NetBeans 8 gets an RC: The NetBeans IDE has hit release candidate for 8.0. This is the version that will include JDK 8 support in the editor, Java SE Embedded and Java ME Embedded support, PrimeFaces code generators, AngularJS navigation and code completion, PHP 5.5 support and much more. There’s a summary in the announcement, a lot more detail in the New and Noteworthy wiki page and a pencilled in release date of mid-April.
Skrollr scrolls in: Recently spotted – Skrollr, a compact parallax scrolling and scrolling animation library for all your Webtml5.0 styled sites including the ability to “scale, skew and rotate the sh** out of any element”.
Facebook’s Conceal revealed: Facebook have open sourced Conceal, a library for encrypting files on Android devices. The company uses the library for encrypting data that its apps store on SD cards. It uses pre-selected OpenSSL algorithms, picked for efficient memory management and speed, and gets the library down to 85KB by not trying to be a general purpose crypto kit.

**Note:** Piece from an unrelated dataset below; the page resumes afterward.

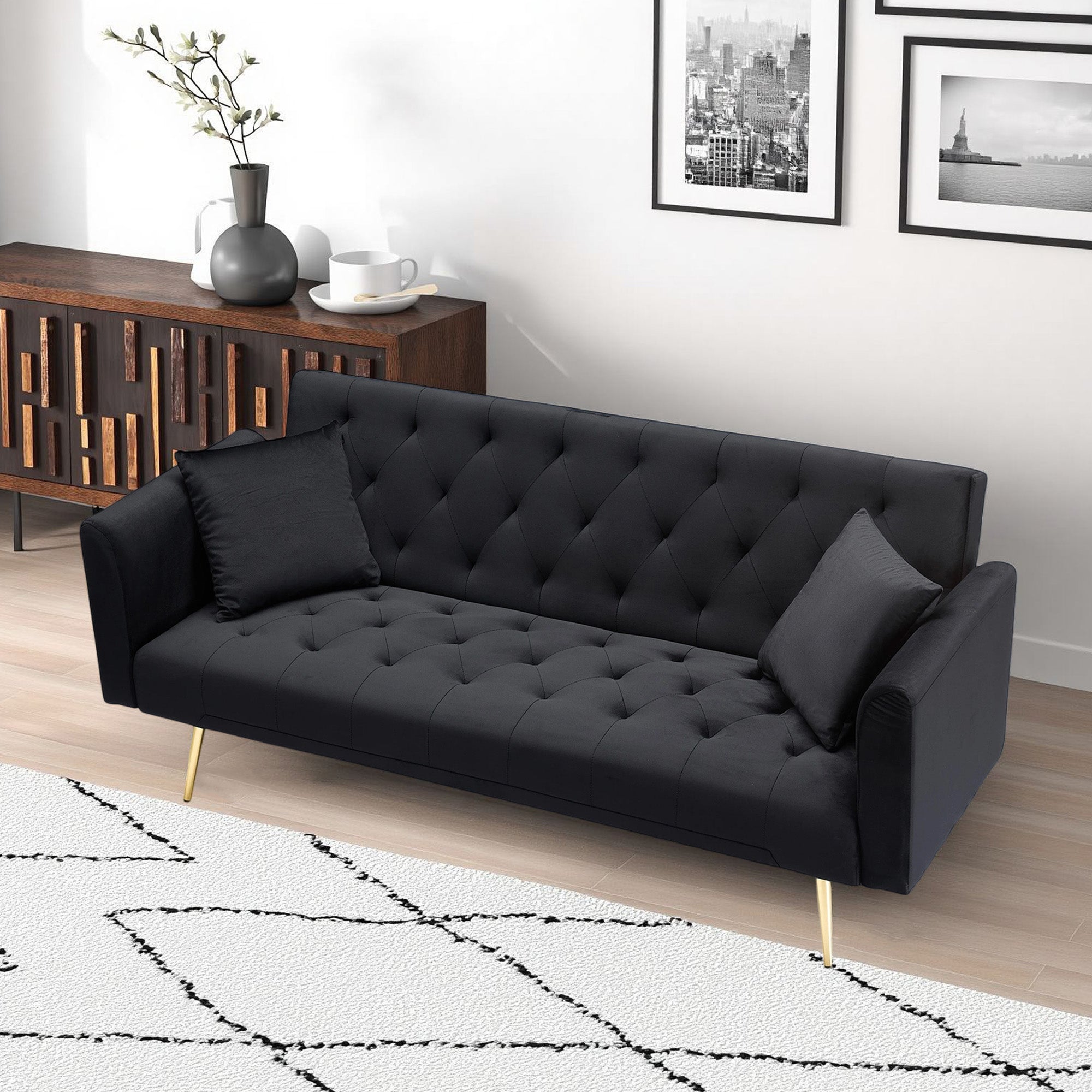 71-inch Foldable Double Sofa with American Retro Style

An interesting bit of pragmatism which means Facebook’s apps can happily encrypt on low-end Android devices, Conceal is available under a BSD licence with its source on GitHub.
Callback hell: Callbacks in Node.js can get pretty gnarly if you do everything with inline anonymous functions. This blog posting from Strongloop is a handy summary of some of the ways, from nesting, modularisation, async, promises and (soon to come to Node) ES6 generators. So callback, much techniques.
A Pi that listens: Meanwhile, a nice little Instructable covers converting an old bakelite Televox intercom into a voice controlled personal assistant by popping a Raspberry Pi inside.. and a sound board… and some software of course… It’ll probably be quite hard to find another fine bakelite intercom, but the rest of the projects a good starting point for assembling your own style of smart box…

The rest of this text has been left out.